Victoria and Albert Museum, London
9 September-5 December 2004
Dresser was born in the same year as William Morris. However, while Morris has enjoyed extensive and continuing historical and critical coverage since his lifetime, Dresser has been given little detailed attention, only being mentioned briefly in general histories of design. Astonishingly, the first monograph on Dresser did not appear until 1990. Hitherto the paucity of Dresser scholarship has tended to distort the true scale and nature of his achievement, on the one hand ignoring the immense variety of his output, and on the other portraying him as an inexplicable visionary.
This exhibition, accompanied by the publication of a magnificent monograph edited by Michael Whiteway, provides an unprecedented opportunity to see Dresser in perspective and evaluate the scale of his achievement.
Given what we now know about his extensive talents, Dresser would have had at least three career paths open to him: artist, botanist and designer. His energy and sensibilities would have equipped him as a successful artist, and certainly a more significant artist than many of the hacks who stocked the Royal Academy of his day. However, his early entry aged 13 into the Government School of Design precluded this possibility. Its students were expressly forbidden to study the human form, which in Victorian times was the essential prerequisite to recognition as an artist.

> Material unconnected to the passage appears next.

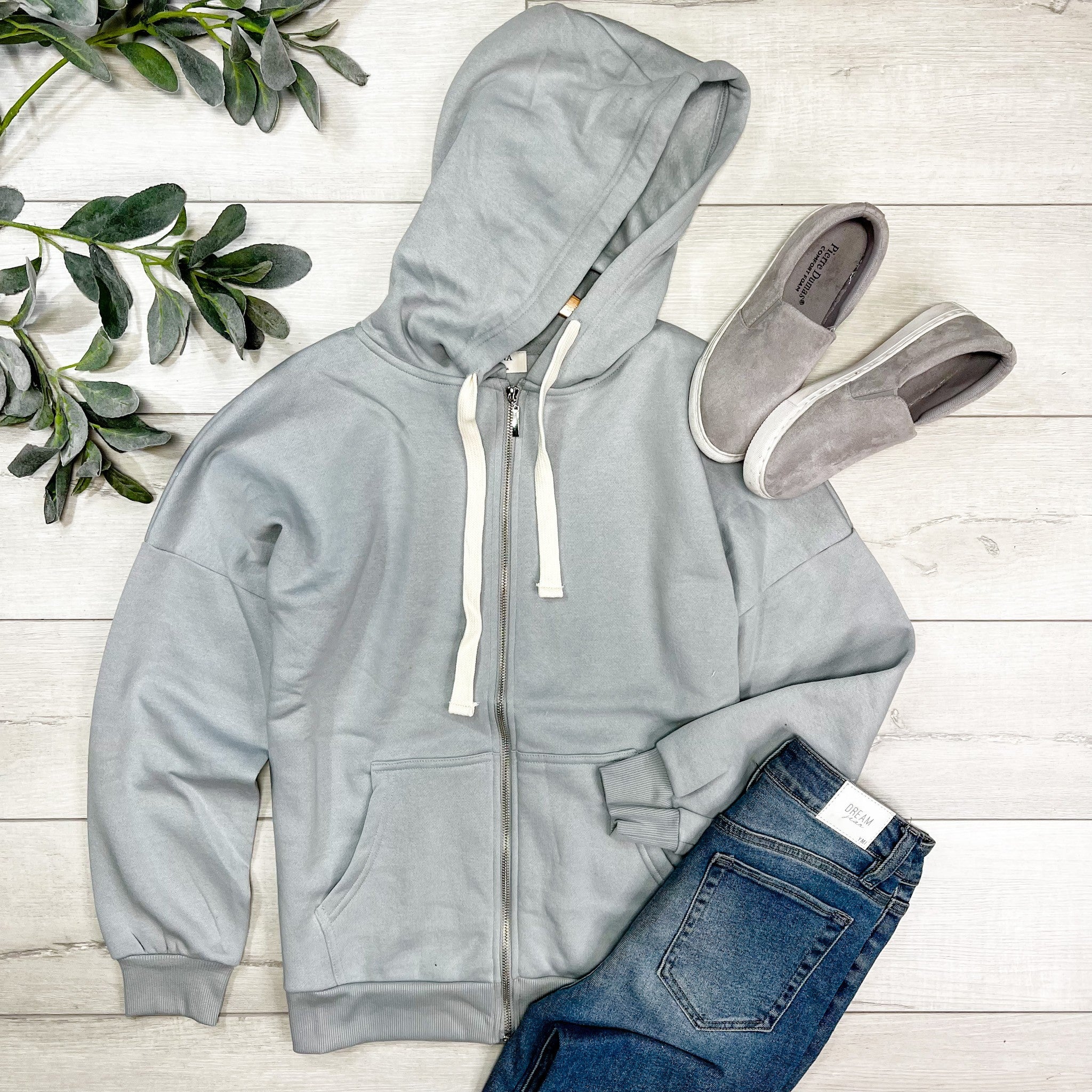 grey zipper jacket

Dresser became a botanist of the first rank in his twenties, being awarded a doctorate at the age of 25 by the University of Jena on the basis of his publications, and later standing as a credible candidate for the Chair of Botany at University College London. Although he was not appointed, Dresser continued to enjoy respect and honours at the highest academic level, researching, publishing and lecturing widely.
With the two professional avenues of art and botany closed to him, Dresser poured his considerable energies into designing for the burgeoning mass-production industries of his day. The penetrating research he might otherwise have devoted to botany, he committed instead to a thorough understanding of function, materials and production processes. The profound sensibilities that he might otherwise have devoted to art, he lavished upon the creation of ingenious and dynamic surface design for all kinds of artefacts.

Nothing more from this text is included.